In quelle circostanze, non si è più sé stessi quanto piuttosto segretari di sé stessi. Nessuno prende parte a una trasmissione politica televisiva per portare un reale contributo, ancorché minimo, alla soluzione di un problema, ma soltanto perché bisogna esserci. Non per vincere, ma per non fare brutta figura, per non perdere.
Il risultato soddisfacente, anzi la meta agognata, in un talk show è lo zero a zero.

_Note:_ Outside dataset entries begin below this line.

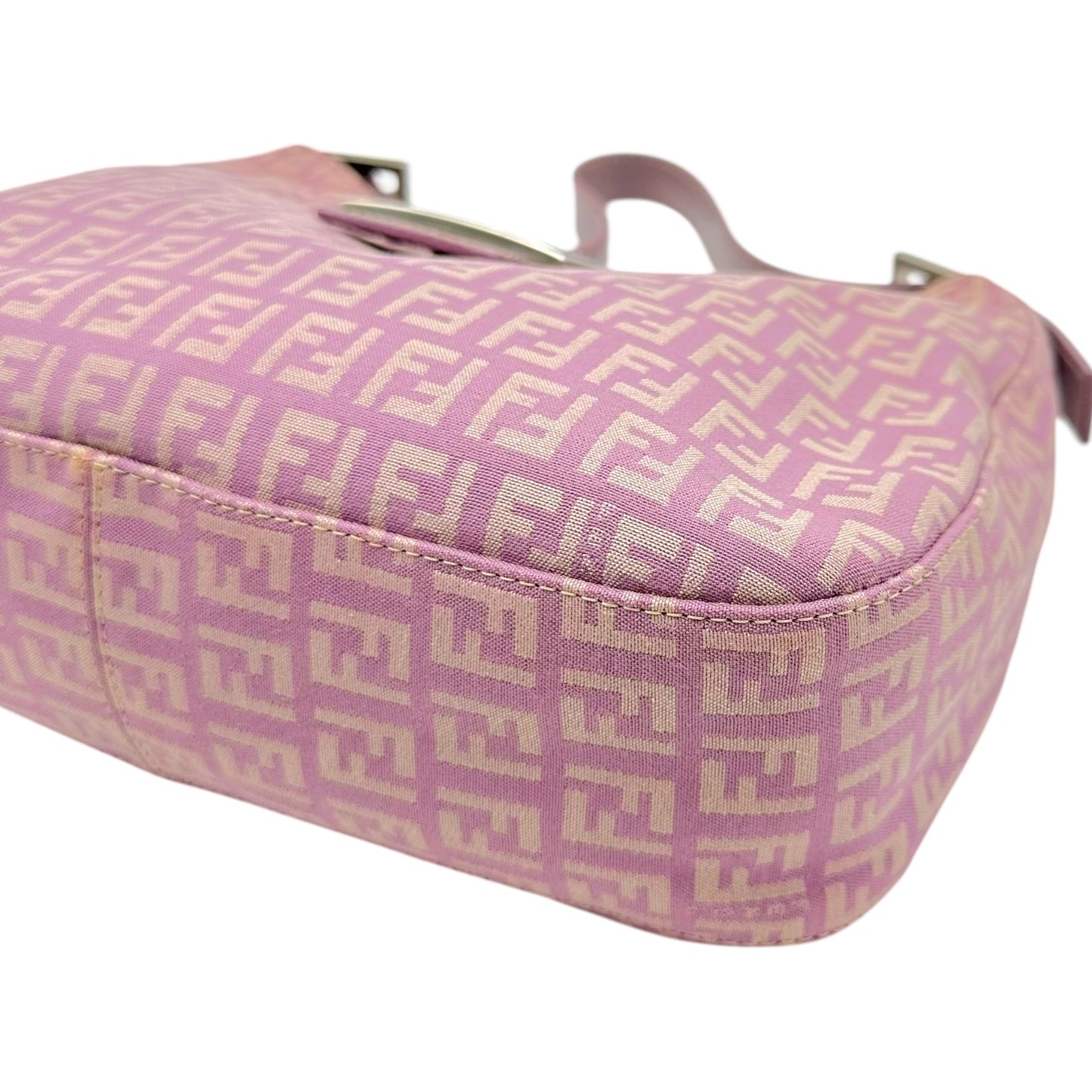 Fendi Lavender Zucchino Monogram Shoulder Baguette Bag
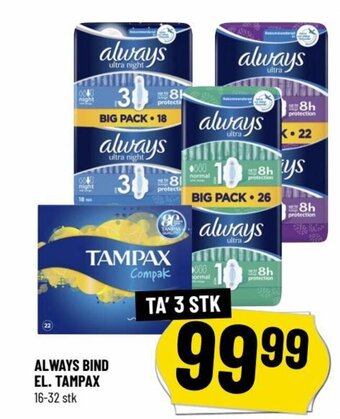 Løvbjerg ALWAYS BIND EL. TAMPAX tilbud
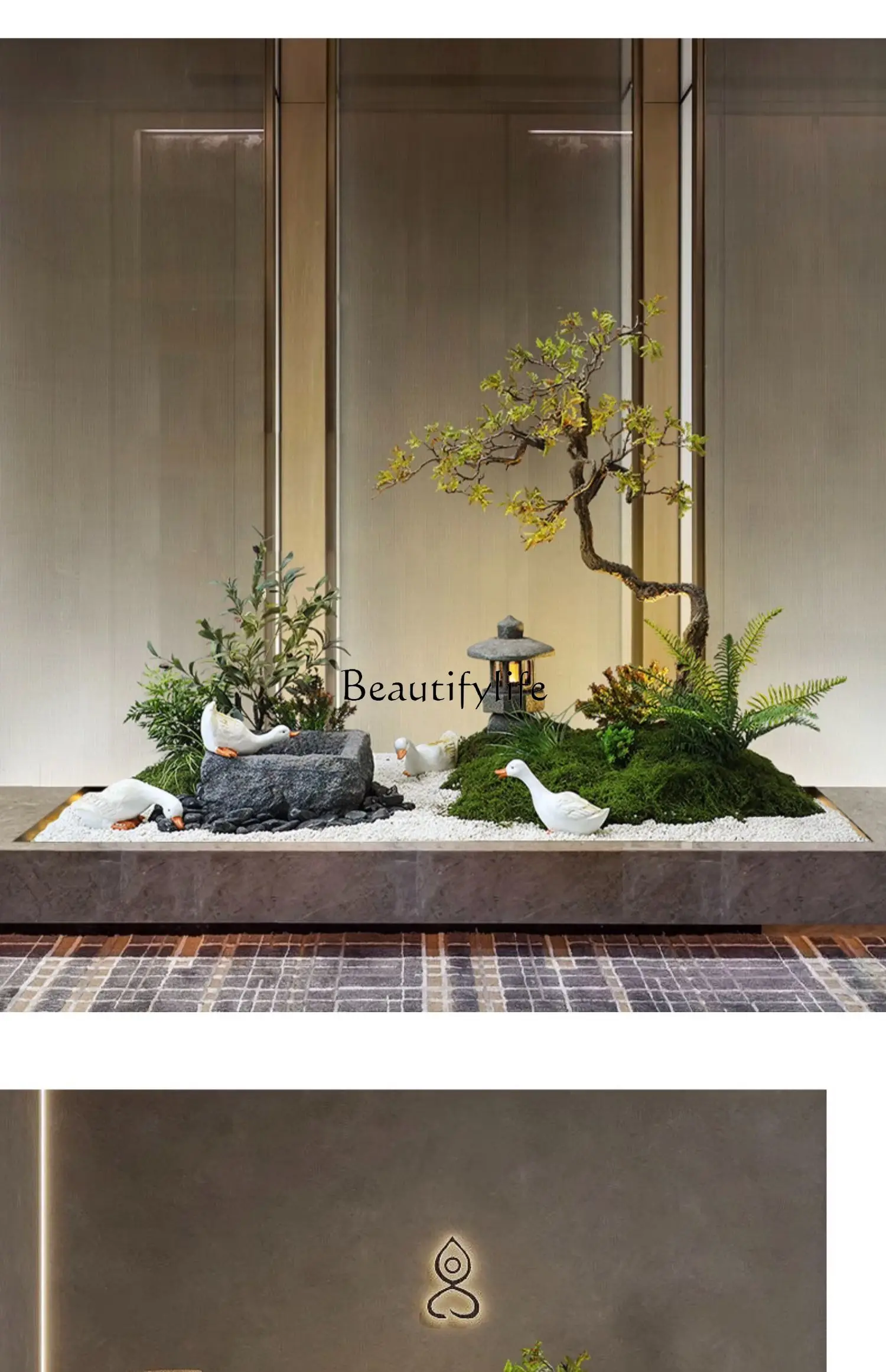 Artificial Greeting Pine Chinese Style Dry Mountain Underwater Corner Decoration Hallway Fake Trees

Uno dei pochissimi risultati politici reali di un talk show è stata – sciaguratamente, dal mio punto di vista – la clamorosa affermazione di Berlusconi a Servizio pubblico, che ha ridato popolarità a lui e al suo allora dissestato partito e probabilmente, purtroppo, gli ha pure portato nuovi voti.
Una macchina divoratrice parassitaria di tempo e dunque intralcio allo studio dei problemi da risolvere sembra diventare pure il web, peraltro nato per comunicare e capace di permettere una straordinaria comunicazione, come è tante volte accaduto e ancora accade.
Ma pure il web sta diventando una fissazione solipsistica e maniacale, fonte di rapporti spesso astratti e irreali, che – anziché far conoscere il mondo grazie al computer – fa conoscere il computer invece del mondo, come nella famosa storia di quel tale che, quando gli mostrano la luna, non guarda la luna ma il dito che la indica.
Strumento di democrazia, il web può diventare un’assemblea pulsionale indistinta, che nega la democrazia ed è forse un sintomo rilevante di quella crisi della democrazia rappresentativa che sempre più ci sgomenta e che Tocqueville ha previsto con centocinquant’anni di anticipo, vedendo nell’America, culla e baluardo della democrazia, il laboratorio della sua degenerazione e dei rimedi a quest’ultima.
Le trasmissioni politiche televisive sono, in genere, condotte egregiamente e costituiscono un accattivante spettacolo per chi le guarda, probabilmente fra i più accattivanti fra quelli offerti dalla televisione. È una buona e bella cosa per chi la sera, dopo aver lavorato tutto il giorno – in ufficio, a scuola, in fabbrica, all’ospedale, nel negozio, alla ricerca di un impiego – ha bisogno di solleticanti distrazioni. Ma bisogna sapere che, così come un affascinante film o telefilm giallo non contribuisce a combattere la criminalità, un talk show politico non contribuisce, neanche indirettamente e alla lontana, ad aumentare la produttività, a migliorare l’assistenza sociale o a facilitare un accordo di governo. È una cosa simpatica per chi la guarda e sostanzialmente sterile per chi vi prende parte, come è sterile il crescente predominio, ormai necessario ma non perciò meno soffocante, del dire sul fare.
Un politico deve certo essere anche un attore, ma non solo un attore, altrimenti il tempo necessario per studiare la sua parte non gli lascia il tempo per accorgersi di ciò che sta accadendo intorno a lui.